(What you are asked to do): Of the lines listed below, return exactly those that run from the line containing "Photo - 2 Walrus" through the line containing "龙漕家园,业主诚心出,看中可谈,南北通透,全明,小区花园位置", both included.
START Input data
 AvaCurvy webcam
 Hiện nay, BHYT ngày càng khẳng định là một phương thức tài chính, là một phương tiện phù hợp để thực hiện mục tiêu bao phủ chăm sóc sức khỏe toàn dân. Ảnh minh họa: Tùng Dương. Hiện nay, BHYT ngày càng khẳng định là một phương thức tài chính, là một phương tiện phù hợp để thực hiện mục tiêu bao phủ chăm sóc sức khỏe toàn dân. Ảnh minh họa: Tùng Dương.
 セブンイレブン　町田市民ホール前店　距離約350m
END Input data
START Input data
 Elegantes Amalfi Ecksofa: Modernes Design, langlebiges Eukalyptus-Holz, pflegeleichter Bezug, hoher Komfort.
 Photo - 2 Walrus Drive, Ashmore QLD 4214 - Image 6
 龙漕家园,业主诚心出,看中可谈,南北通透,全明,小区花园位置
END Input data
(Answer section):
 Photo - 2 Walrus Drive, Ashmore QLD 4214 - Image 6
 龙漕家园,业主诚心出,看中可谈,南北通透,全明,小区花园位置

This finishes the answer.